## Thursday, 28 February 2013

### What chance the next roll of the die is a 3?

In response to my posting yesterday a colleague posed the following question:
The die has rolled 3 3 3 3 3 3 3 in the past. What are the chances of 1 2 4 5 6 being rolled next? The mathematician will say: P(k)=1/6 for each number, forget that short-term evidence. What will the probability expert say? And the statistician? And the philosopher?
I have provided a detailed solution to this problem here.

In summary, it is based on a Bayesian network in which (except for the 'statistician') it all comes down to what priors they are assuming for the probability of each P(k).
• The mathematician's prior is that the probability of each P(k) is exactly 1/6.
•  One type of probability expert (including certain types of Bayesians) will argue that, in the absence of any prior knowledge of the die, the probability distribution for each P(k) is uniform over the interval 0-1 (meaning any value is just as likely as any other).
• Another probability expert (including most Bayesians) will argue that the prior should be based on dice they have previously seen. They believe most dice are essentially 'fair' but there could be biases due to either imperfections or deliberate tampering. Such an expert might therefore specify the prior distribution for P(k) to be a narrow bell curve centred on 1/6.
•  A philosopher might consider any of the above but might also reject the notion that 1,2,3,4,5,6 are the only outcomes possible.
Anyway, when we enter the evidence of seven 3's in 7 rolls, the Bayesian calculations (performed using AgenaRisk) result in an updated posterior distribution for each of the P(k)s.

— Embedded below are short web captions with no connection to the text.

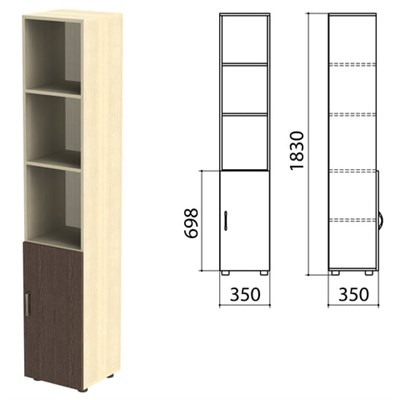 Шкаф полузакрытый "Канц", 350х350х1830 мм, цвет дуб молочный/венге (КОМПЛЕКТ) 980484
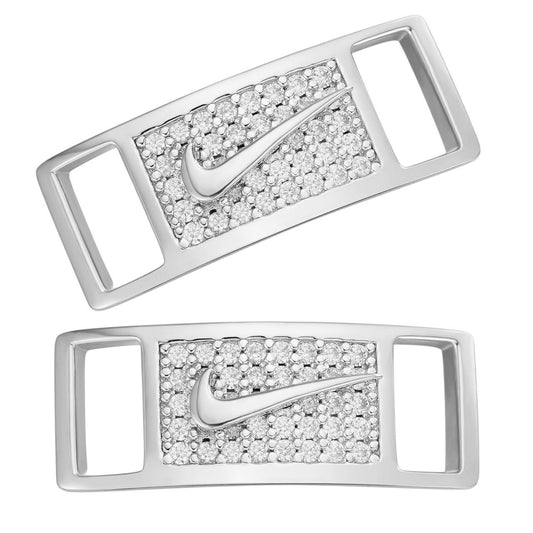 HarlemBling MOISSANITE Iced Out Checkmark Lace Locks - 925 Silver - Great For All Sneakers: Nike Air Force 1, Jordans, & More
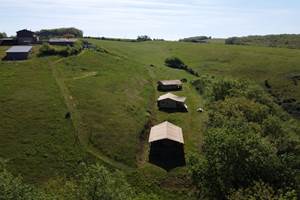Vue aérienne Ecolodges Ferme du Hitton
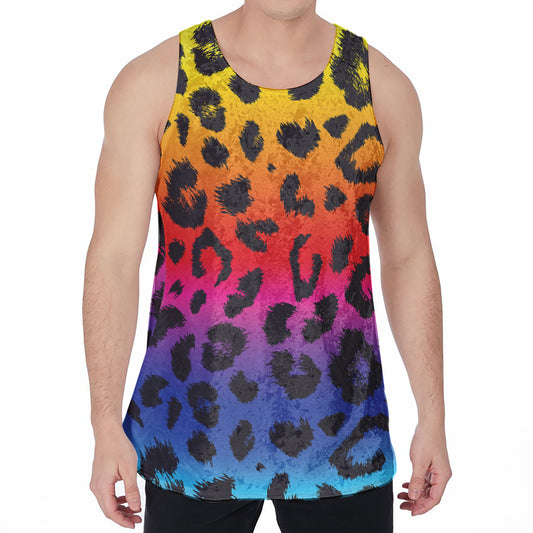 Rainbow Leopard Print Men's Velvet Tank Top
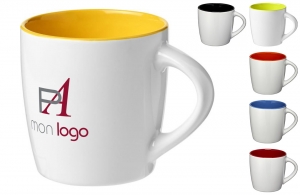 Tasse bicolore mat publicitaire personnalisée pas chère 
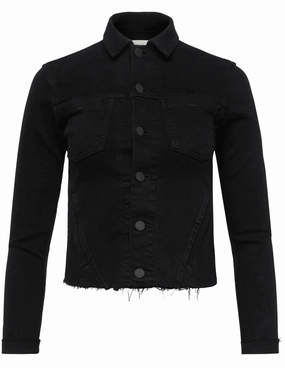 Stretch Weave Fabric L'Agence Janelle Slim Raw Jacket In Saturated Black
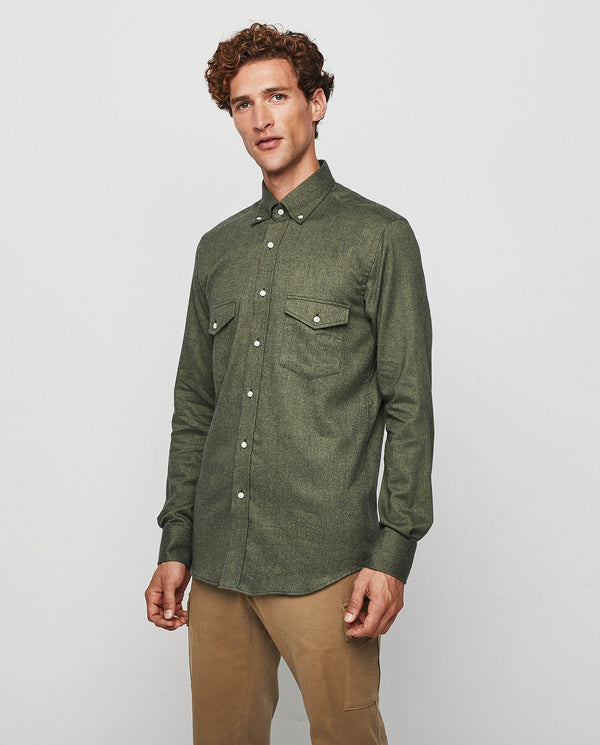 Camisa casual franela lisa 2 bolsillos verde
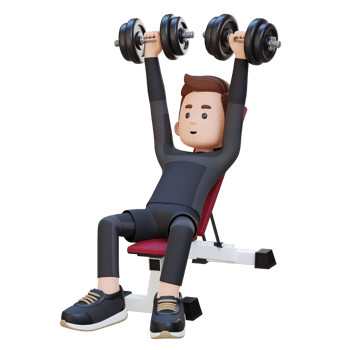3D Sportsman Character Building Upper Body Strength with Incline Bench Dumbbell Chest Press png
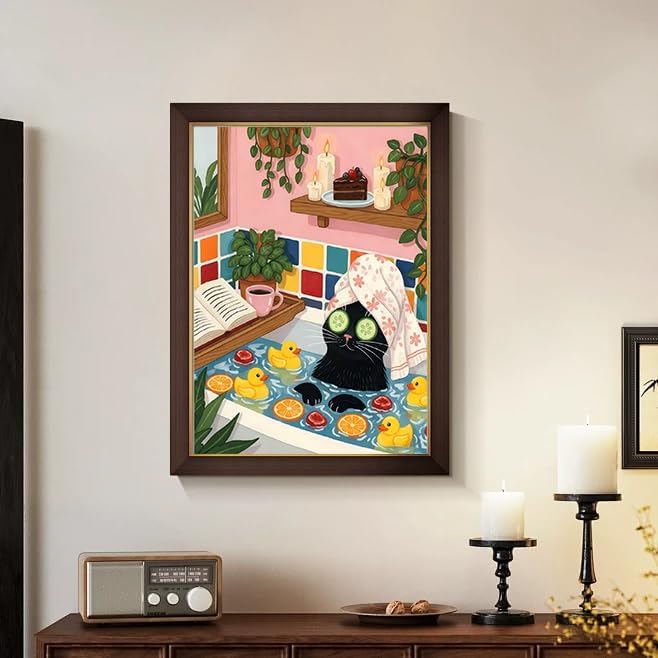 CraftBliss Cat Paint by Number for Adults, Funny Animal Painting by Numbers, DIY Acrylic for Beginners Unframed, Easy Paint by Numbers Adults on Canvas Decor 16x20inch - Image 3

The mathematician's posterior for each P(k) is unchanged: i.e. each P(k) is still 1/6.So there is still just a probability of 1/6 the next roll will be a 3.

For the probability expert with the uniform priors, the posterior for P(3) is now a distribution with mean 0.618. The other probabilities are all reduced accordingly to distributions with mean about 0.079. So in this case the probability of rolling a 3 next time is about 0.618 whereas each of the other numbers has a probability about 0.079

For the probability expert with the bell curve priors, the posterior for P(3) is now a distribution with mean 0.33. The other probabilities are all reduced accordingly to distributions with mean about 0.13. So in this case the probability of rolling a 3 next time is about 0.33 whereas each of the other numbers each has a probability about 0.13.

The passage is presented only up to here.